## EXERCISE OBJECTIVE
Output the data below only from the line containing "Modèle anatomique de" up to and including the line containing "Trào ngược dạ", exact and with the pictures left out.

## EXERCISE MATERIAL
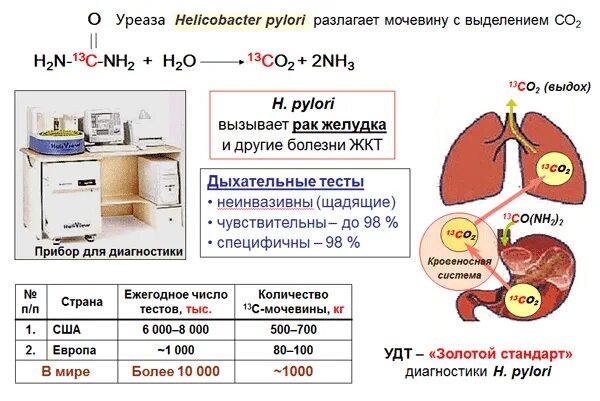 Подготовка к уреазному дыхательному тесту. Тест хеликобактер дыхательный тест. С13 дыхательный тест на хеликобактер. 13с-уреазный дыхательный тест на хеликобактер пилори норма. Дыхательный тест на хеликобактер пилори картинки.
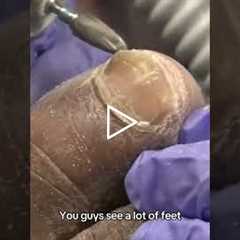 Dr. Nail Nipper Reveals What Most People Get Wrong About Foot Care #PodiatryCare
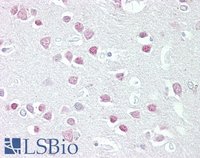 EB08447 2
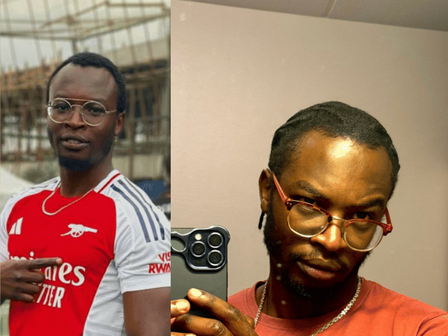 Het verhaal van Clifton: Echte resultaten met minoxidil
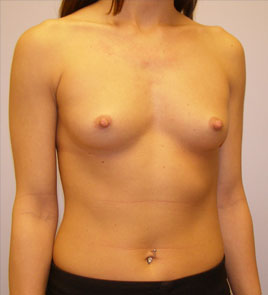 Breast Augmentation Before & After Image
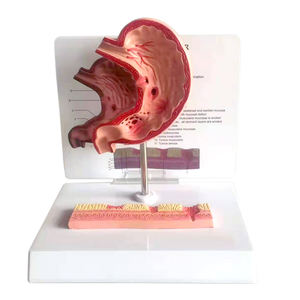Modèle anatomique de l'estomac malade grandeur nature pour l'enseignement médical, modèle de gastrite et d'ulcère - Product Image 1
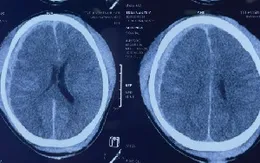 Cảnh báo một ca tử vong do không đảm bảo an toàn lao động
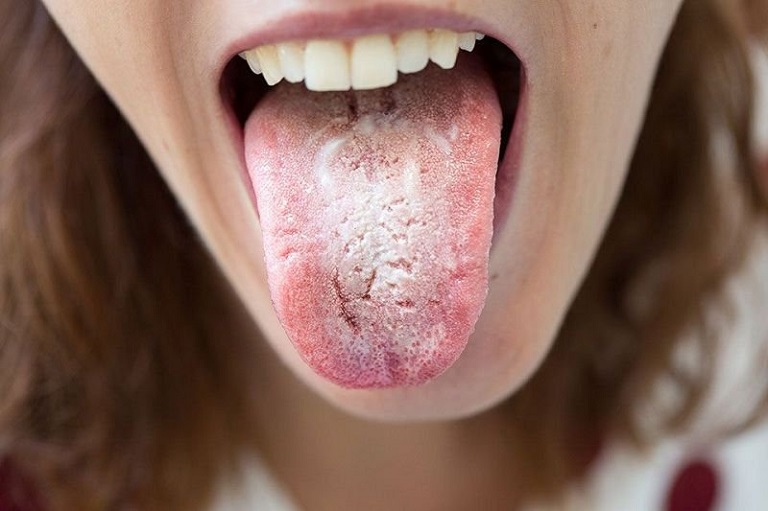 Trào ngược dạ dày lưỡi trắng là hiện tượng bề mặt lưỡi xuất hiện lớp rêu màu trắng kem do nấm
...
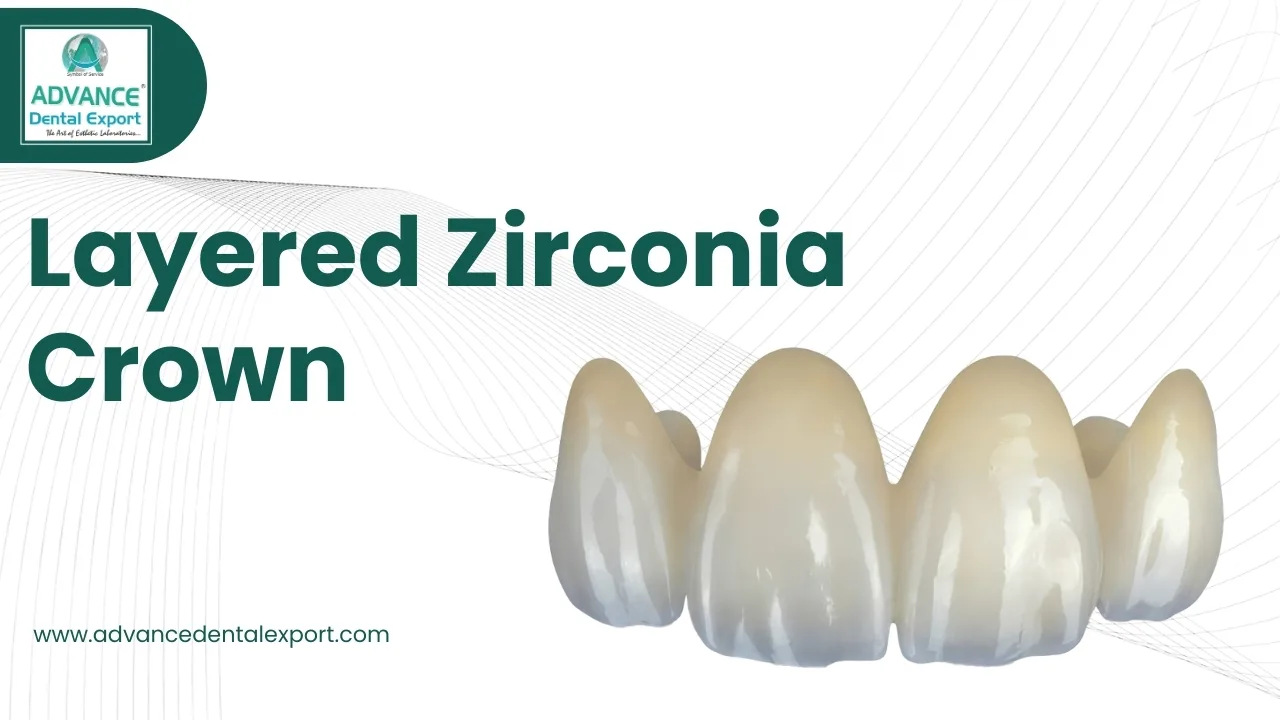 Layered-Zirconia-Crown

## ANSWER BOX
Modèle anatomique de l'estomac malade grandeur nature pour l'enseignement médical, modèle de gastrite et d'ulcère - Product Image 1
 Cảnh báo một ca tử vong do không đảm bảo an toàn lao động
 Trào ngược dạ dày lưỡi trắng là hiện tượng bề mặt lưỡi xuất hiện lớp rêu màu trắng kem do nấm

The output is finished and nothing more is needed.